╭──

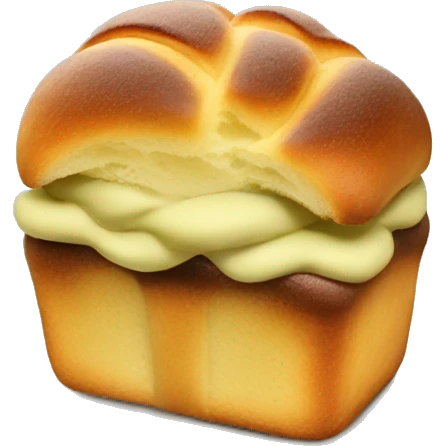 brioche al pistacchio emoji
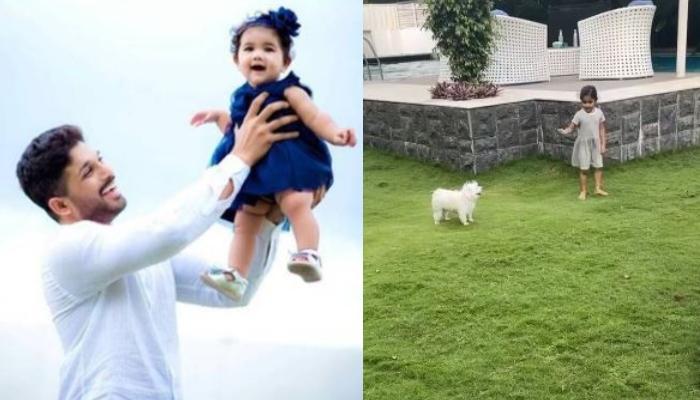 Allu Arjun's Daughter, Arha's Adorable Video With Their Little Puppy,  Kazoku Will Melt You Heart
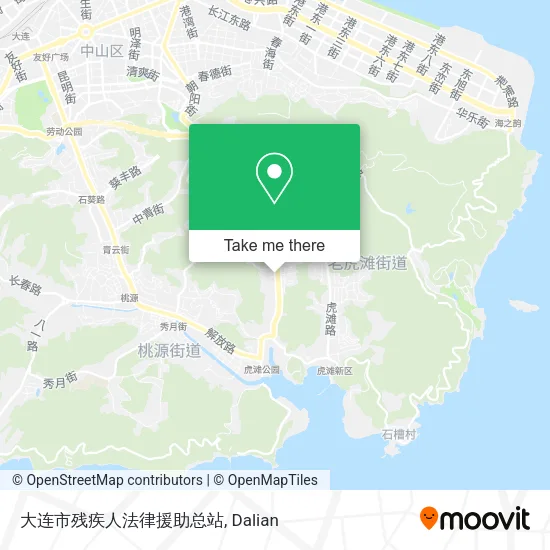 大连市残疾人法律援助总站 map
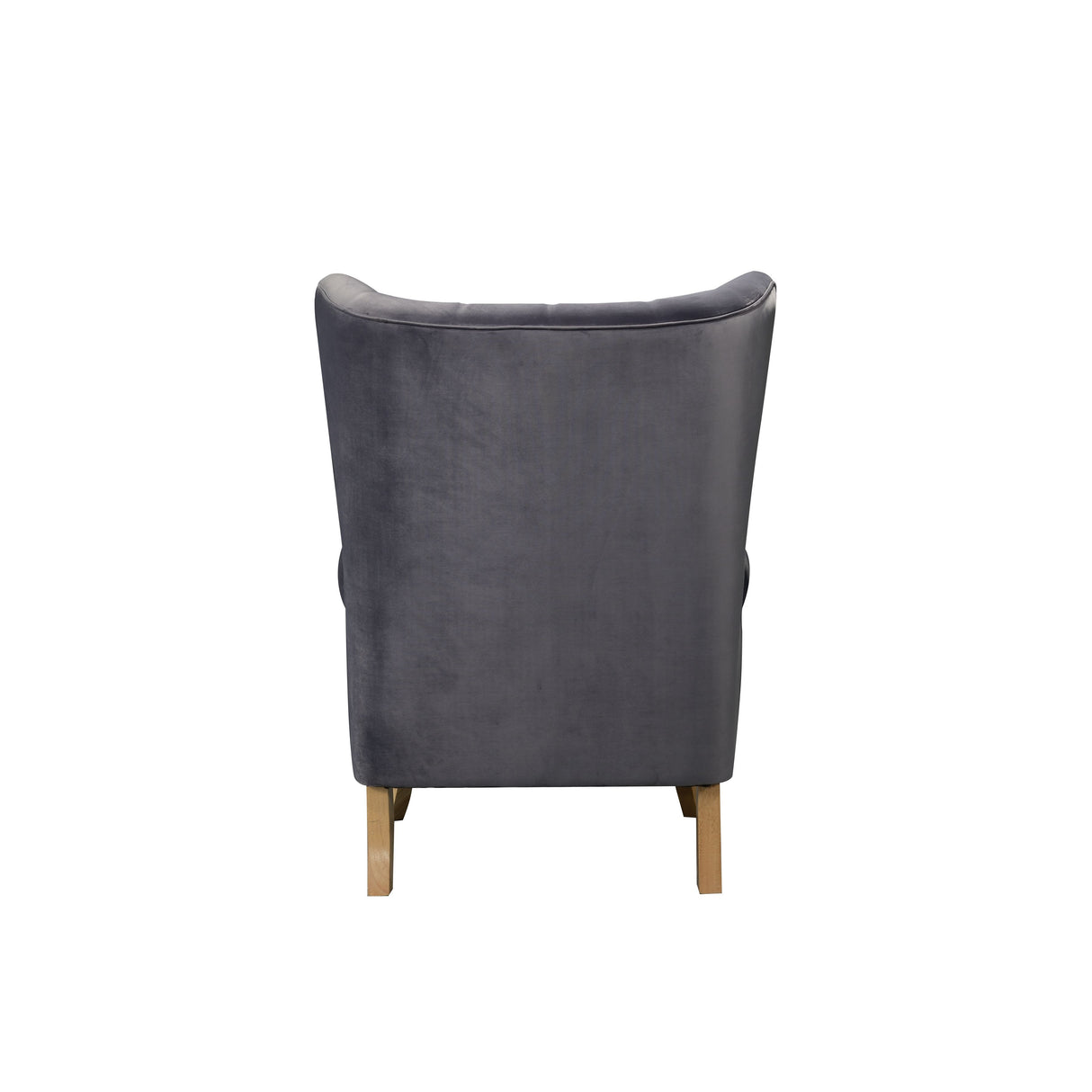 Adonis Gray Velvet Accent Chair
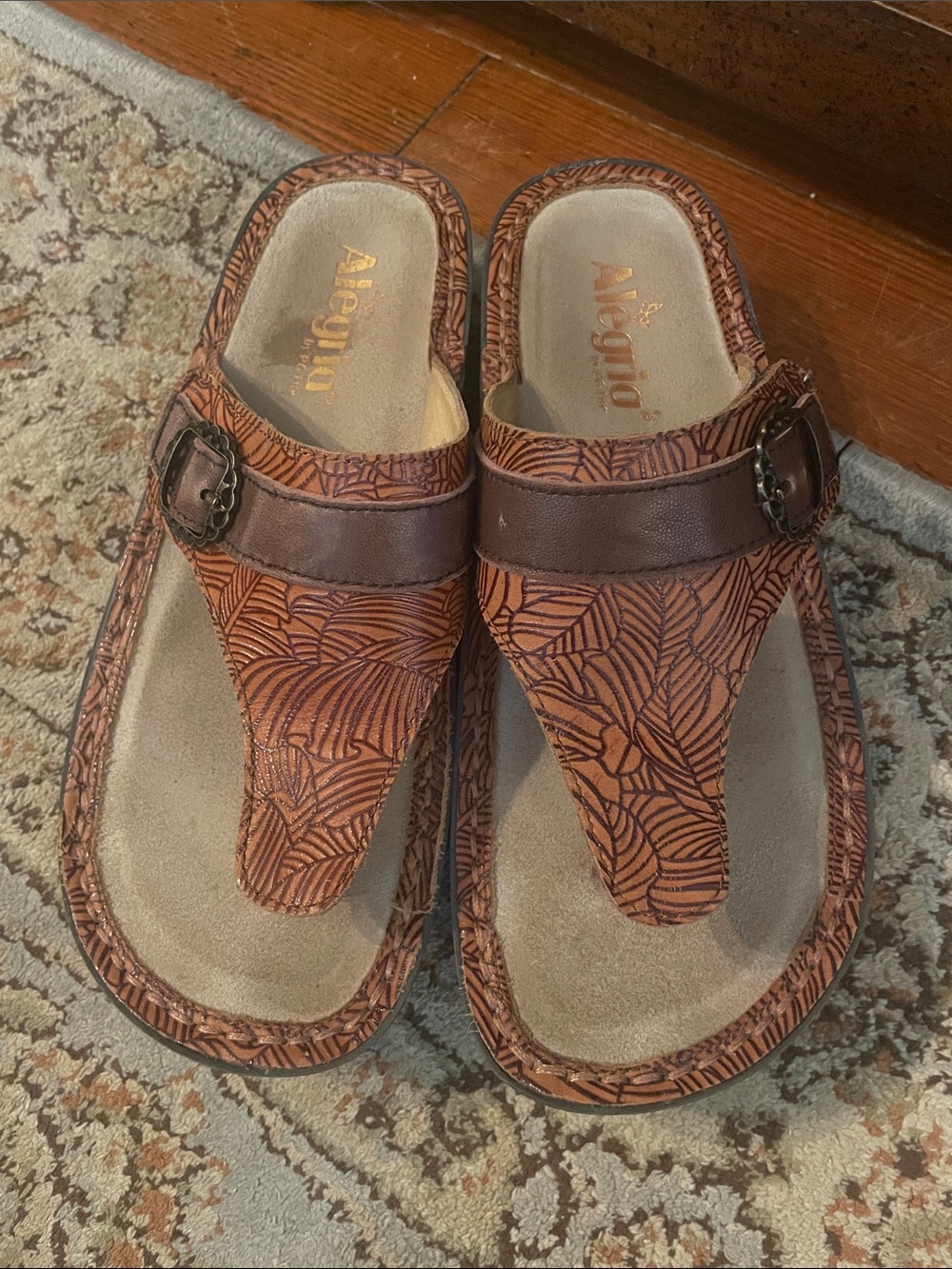 Brown Alegria sandals | size 38/ 8-8.5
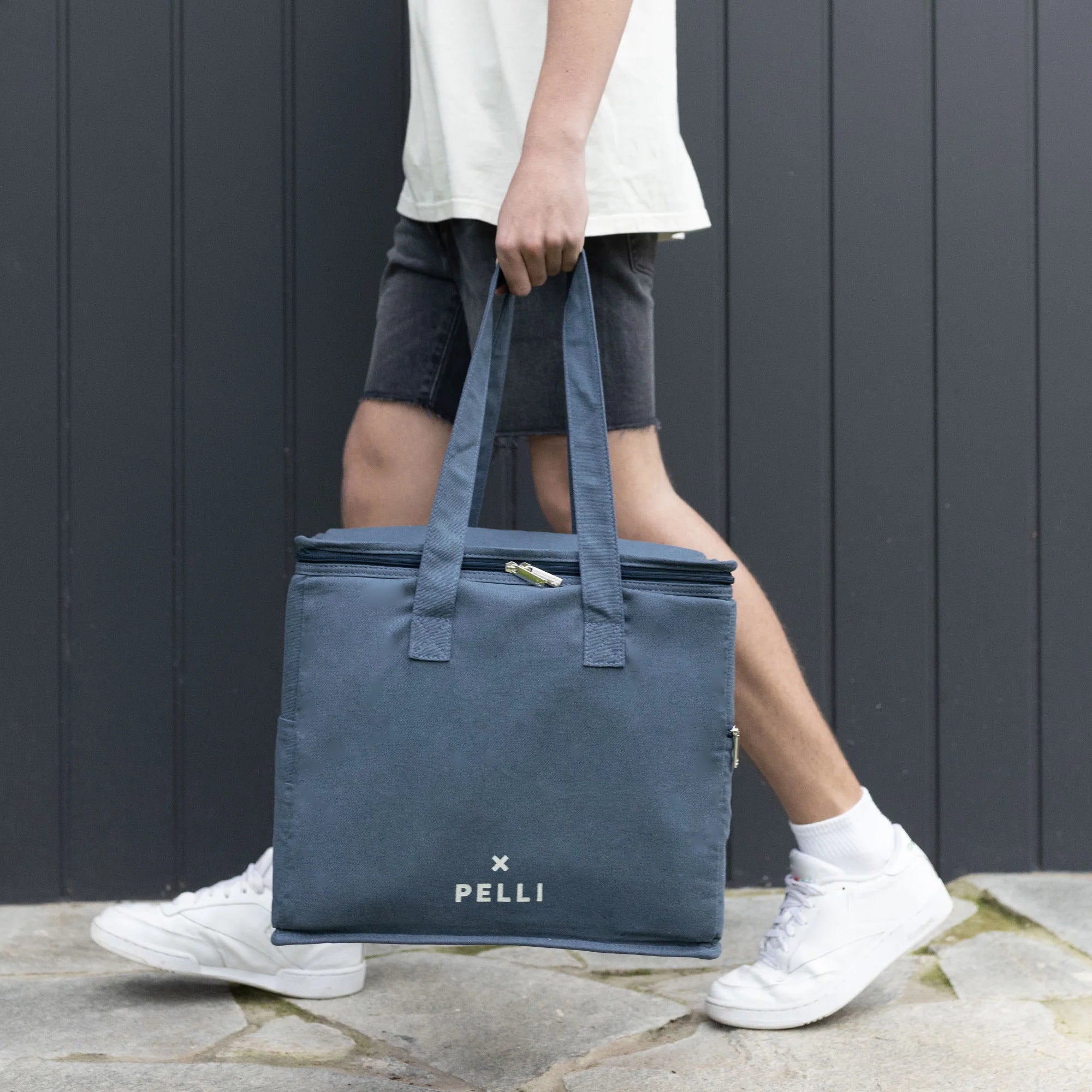 Pelli 'Chill Homie' Large Cooler Bag (Canvas) Storm Blue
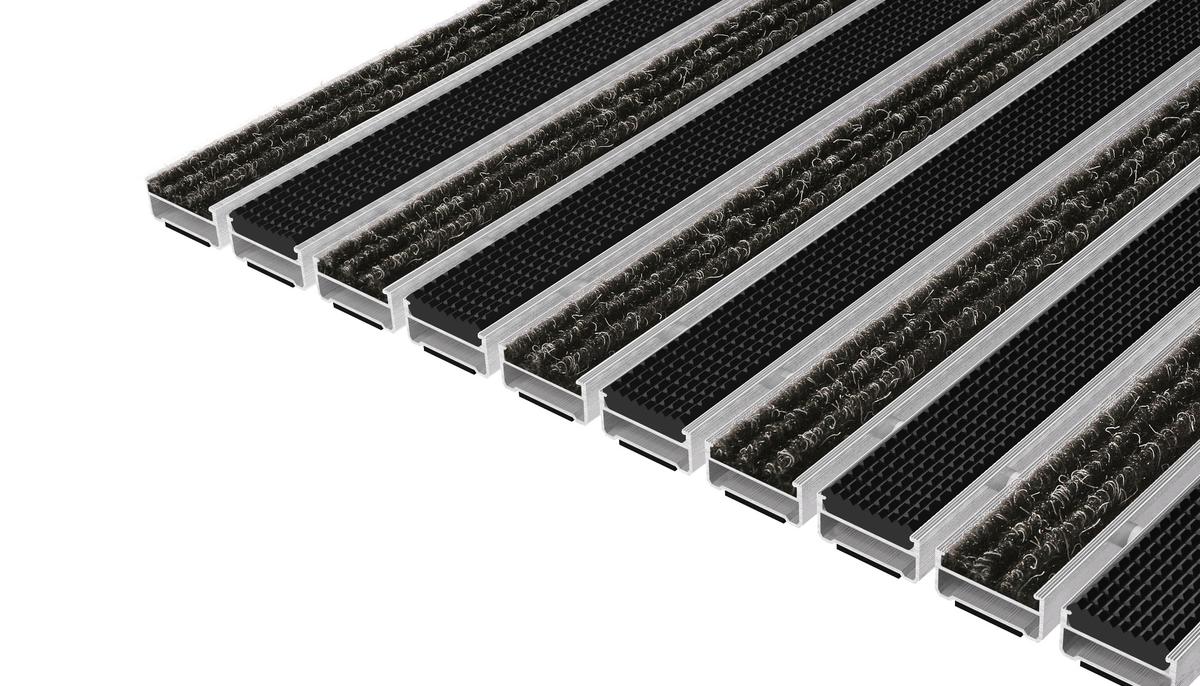 Top Clean CLASSIC 17 with Ribbed Carpet and Grooved Rubber - GEGGUS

╰──

Your copy must begin at the line containing "Pelli 'Chill Homie'" and end at the last line of the material above. Reproduce each line exactly, but not the pictures.

Task solution.
 Pelli 'Chill Homie' Large Cooler Bag (Canvas) Storm Blue
 Top Clean CLASSIC 17 with Ribbed Carpet and Grooved Rubber - GEGGUS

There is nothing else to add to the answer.